[R] importing files, columns "invade next column"

Wed Jan 19 20:55:35 CET 2005

On Wed, 2005-01-19 at 19:28 +0000, Tiago R Magalhaes wrote:
> Thanks very much Mark and Prof Ripley
> 
> a) using sep='\t' when using read.table() helps somewhat
> 
> there is still a problem:I cannot get all the lines:
> df <- read.table('file.txt', fill=T, header=T, sep='\t')
> dim(df)
>   9543  195
> 
> while with the shorter file (11 cols) I get all the rows
> dim(df)
>   15797    11
> 
> I have looked at row 9544 where the file seems to stop reading, but I 
> cannot see in any of the cols an obvious reason for this to happen. 
> Any ideas why? Maybe there is one col that is stopping the reading 
> process and that column is not one of the 11 that are present in the 
> smaller file.
> 
> b) fill=T is necessary
> without fill=T, I get an error:
> "line 1892 did not have 195 elements"

Tiago,

How was this data file generated? Is it a raw file created by some other
application or was it an ASCII export, perhaps from a spreadsheet or
database program?

It seems that there is something inconsistent in the large data file,
which is either by design or perhaps the result of being corrupted by a
poor export.

It may be helpful to know how the file was generated in the effort to
assist you.

> c) help page for read.table
> I reread the help file for read.table and I would suggest to change 
> it.
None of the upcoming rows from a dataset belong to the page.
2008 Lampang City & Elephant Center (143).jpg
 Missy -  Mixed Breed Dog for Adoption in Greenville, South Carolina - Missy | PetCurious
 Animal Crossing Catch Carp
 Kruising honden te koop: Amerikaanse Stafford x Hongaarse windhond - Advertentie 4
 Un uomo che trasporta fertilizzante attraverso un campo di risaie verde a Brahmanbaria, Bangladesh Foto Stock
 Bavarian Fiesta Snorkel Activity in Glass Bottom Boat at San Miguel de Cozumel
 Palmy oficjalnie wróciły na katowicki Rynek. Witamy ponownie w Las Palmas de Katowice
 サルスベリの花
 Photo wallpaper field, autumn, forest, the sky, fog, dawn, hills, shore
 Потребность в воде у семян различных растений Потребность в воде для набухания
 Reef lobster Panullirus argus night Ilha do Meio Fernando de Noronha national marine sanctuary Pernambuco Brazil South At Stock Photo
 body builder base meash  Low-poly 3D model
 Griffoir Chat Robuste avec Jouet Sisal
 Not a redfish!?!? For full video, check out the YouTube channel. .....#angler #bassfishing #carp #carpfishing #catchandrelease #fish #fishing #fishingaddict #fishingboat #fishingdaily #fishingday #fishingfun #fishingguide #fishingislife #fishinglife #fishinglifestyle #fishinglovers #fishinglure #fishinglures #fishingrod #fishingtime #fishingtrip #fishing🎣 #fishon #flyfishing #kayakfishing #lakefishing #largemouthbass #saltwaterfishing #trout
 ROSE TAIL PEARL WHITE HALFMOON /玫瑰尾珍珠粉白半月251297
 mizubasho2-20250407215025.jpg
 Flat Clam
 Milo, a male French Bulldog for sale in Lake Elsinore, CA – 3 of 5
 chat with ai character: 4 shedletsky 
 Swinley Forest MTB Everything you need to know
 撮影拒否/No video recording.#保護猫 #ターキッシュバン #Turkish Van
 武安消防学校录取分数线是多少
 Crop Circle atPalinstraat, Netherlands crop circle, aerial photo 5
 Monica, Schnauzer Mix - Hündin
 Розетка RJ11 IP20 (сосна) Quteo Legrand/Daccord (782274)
From what I think I am reading, the '\t' would not be needed to 
> work in my file, but it actually is:from the help page:
> 
>   If 'sep = ""' (the default for 'read.table') the separator is "white 
> space", that is one or more spaces, tabs or newlines.

Under normal circumstances, this should not be a problem, but given the
unknowns about your file, it leaves an open question as to the etiology
of the incorrect import.

Marc